→ Excerpted records:
┌──

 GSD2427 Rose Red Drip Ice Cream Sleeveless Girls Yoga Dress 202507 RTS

└──
┌──

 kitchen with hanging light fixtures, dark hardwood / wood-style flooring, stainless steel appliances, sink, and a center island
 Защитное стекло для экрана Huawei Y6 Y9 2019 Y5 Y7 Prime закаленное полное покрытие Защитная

└──
┌──

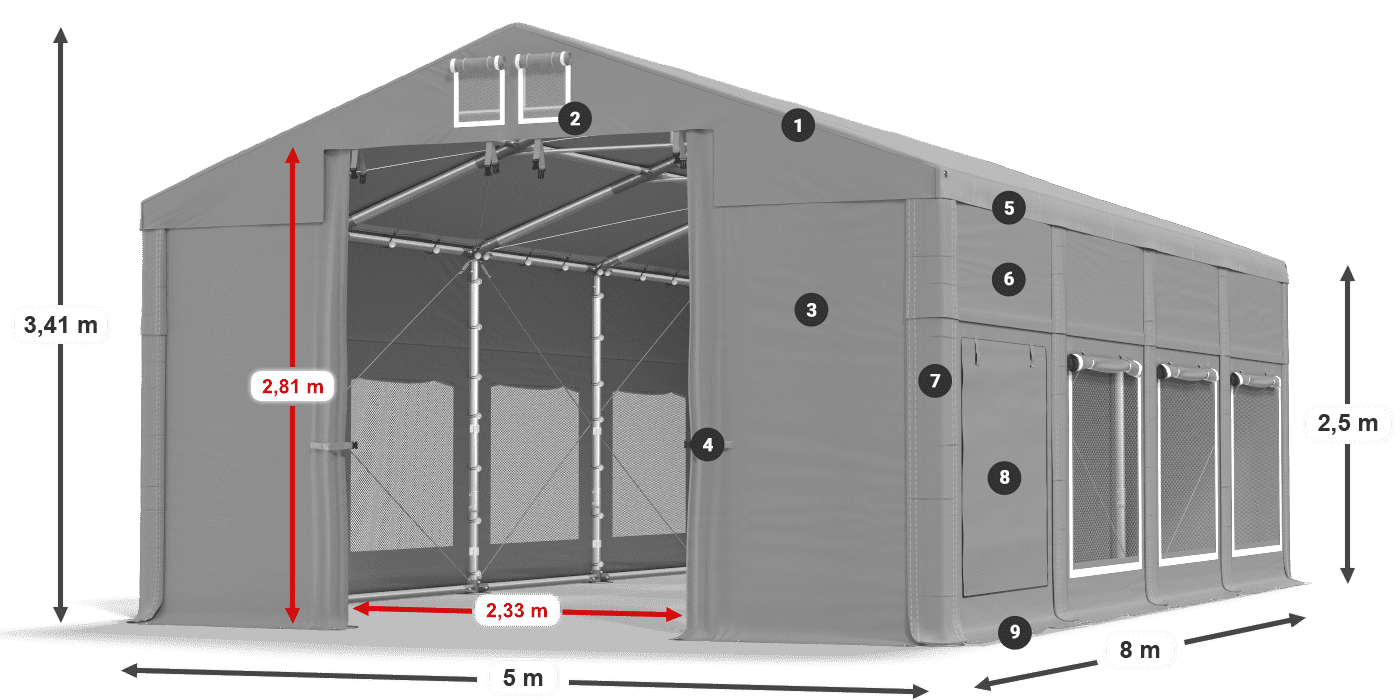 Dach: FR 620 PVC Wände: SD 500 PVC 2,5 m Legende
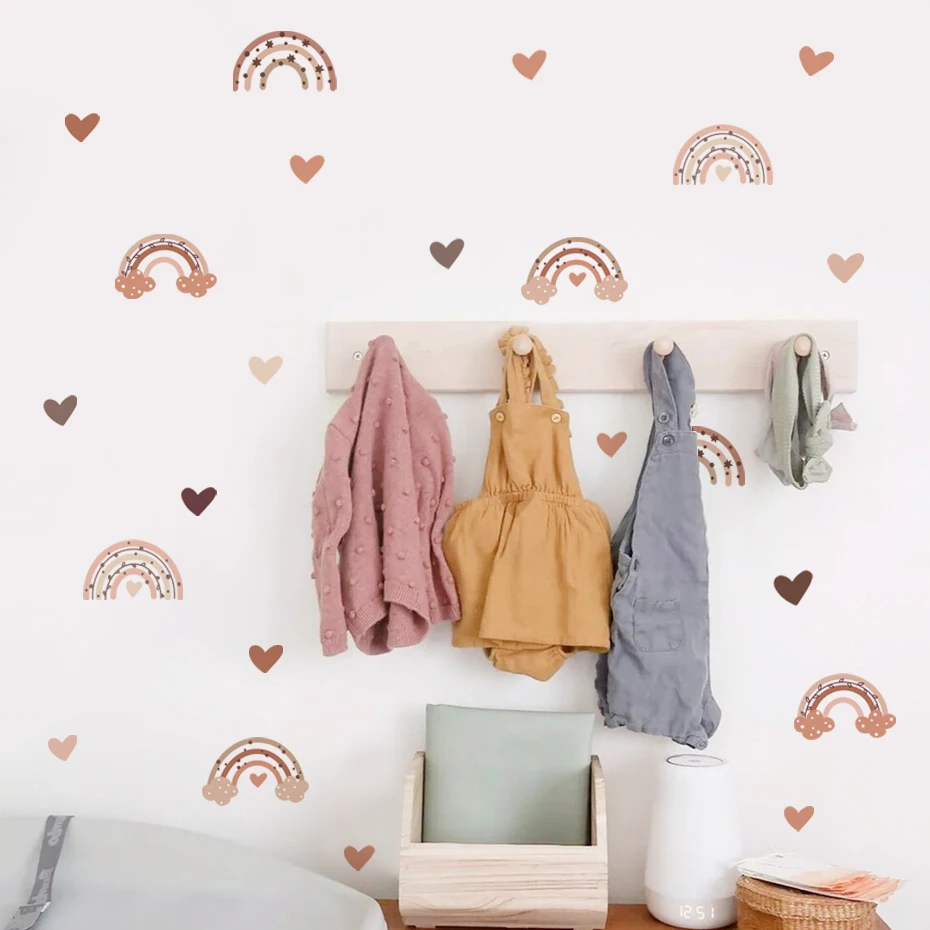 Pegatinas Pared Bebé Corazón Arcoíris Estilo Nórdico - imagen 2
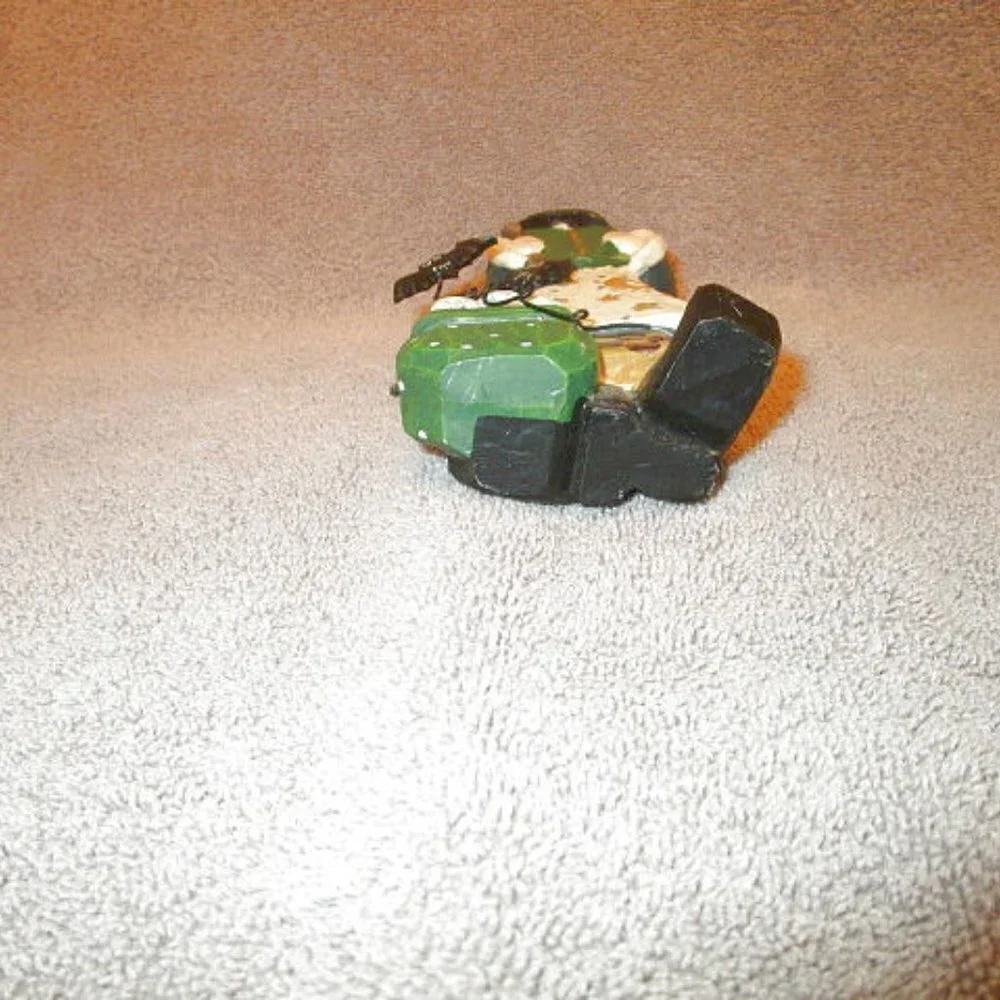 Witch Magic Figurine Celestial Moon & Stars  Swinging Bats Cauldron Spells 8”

└──

→ Your assignment:
Everything from the line containing "kitchen with hanging" through the line containing "Защитное стекло для" in the material above should be retyped exactly, both ends included, and nothing more.

→ Solution:
 kitchen with hanging light fixtures, dark hardwood / wood-style flooring, stainless steel appliances, sink, and a center island
 Защитное стекло для экрана Huawei Y6 Y9 2019 Y5 Y7 Prime закаленное полное покрытие Защитная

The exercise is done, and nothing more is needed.